* Instructions for the task *
From the entries below, copy every line that has the word "Dress".
┌──
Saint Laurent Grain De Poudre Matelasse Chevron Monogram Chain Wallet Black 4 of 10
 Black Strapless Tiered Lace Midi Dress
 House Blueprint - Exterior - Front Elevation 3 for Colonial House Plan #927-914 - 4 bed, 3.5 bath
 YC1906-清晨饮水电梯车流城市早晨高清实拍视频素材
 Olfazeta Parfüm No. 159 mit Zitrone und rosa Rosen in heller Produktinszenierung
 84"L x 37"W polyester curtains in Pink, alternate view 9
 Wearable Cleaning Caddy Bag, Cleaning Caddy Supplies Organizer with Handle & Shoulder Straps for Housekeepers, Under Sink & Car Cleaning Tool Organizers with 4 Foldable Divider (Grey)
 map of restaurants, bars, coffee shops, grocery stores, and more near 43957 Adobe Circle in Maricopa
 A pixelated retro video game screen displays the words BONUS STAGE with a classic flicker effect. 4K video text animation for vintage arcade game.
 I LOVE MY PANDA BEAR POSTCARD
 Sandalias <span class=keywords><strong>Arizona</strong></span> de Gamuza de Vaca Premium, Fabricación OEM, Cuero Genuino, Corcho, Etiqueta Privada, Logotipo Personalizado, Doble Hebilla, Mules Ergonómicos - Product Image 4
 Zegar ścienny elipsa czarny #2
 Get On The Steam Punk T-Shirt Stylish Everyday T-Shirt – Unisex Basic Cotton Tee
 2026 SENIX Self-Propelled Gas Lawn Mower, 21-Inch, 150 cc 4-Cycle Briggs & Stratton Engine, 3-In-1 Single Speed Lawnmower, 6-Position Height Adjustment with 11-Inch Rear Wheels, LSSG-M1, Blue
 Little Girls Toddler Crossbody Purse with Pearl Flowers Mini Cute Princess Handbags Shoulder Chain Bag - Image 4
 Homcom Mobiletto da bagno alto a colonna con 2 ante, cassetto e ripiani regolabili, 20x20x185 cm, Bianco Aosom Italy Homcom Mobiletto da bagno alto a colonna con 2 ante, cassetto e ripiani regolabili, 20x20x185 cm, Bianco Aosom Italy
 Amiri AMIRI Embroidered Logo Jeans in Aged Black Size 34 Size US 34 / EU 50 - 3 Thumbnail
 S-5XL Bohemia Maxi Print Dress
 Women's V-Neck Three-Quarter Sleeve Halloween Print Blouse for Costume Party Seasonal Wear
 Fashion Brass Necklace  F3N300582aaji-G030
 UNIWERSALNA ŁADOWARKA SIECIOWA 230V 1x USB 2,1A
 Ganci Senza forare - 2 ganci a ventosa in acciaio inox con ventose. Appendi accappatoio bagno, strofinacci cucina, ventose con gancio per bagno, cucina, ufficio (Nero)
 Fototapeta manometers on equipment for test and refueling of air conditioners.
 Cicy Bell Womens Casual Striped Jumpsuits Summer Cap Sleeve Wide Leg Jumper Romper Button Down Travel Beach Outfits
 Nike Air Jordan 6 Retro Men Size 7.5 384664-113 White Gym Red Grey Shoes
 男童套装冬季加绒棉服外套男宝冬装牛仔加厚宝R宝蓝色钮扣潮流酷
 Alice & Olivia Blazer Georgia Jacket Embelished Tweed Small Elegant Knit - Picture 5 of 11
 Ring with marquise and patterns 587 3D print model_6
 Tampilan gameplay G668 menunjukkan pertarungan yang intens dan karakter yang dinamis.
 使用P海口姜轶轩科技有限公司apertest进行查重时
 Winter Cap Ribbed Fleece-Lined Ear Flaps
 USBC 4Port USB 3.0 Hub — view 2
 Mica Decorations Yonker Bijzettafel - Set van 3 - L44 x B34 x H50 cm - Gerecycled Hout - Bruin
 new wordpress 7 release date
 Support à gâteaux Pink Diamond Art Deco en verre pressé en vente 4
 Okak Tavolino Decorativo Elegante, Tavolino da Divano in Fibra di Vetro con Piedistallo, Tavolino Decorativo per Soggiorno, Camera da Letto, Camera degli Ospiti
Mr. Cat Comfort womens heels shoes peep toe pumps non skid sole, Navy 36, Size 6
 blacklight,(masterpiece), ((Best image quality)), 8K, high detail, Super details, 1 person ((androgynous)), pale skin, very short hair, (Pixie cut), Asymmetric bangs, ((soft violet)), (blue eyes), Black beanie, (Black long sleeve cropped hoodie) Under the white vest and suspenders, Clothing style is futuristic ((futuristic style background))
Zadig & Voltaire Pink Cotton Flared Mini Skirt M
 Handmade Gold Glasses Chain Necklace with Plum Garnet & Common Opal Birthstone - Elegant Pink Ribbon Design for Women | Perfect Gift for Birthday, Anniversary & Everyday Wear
└──
* Task result *
 Black Strapless Tiered Lace Midi Dress
 S-5XL Bohemia Maxi Print Dress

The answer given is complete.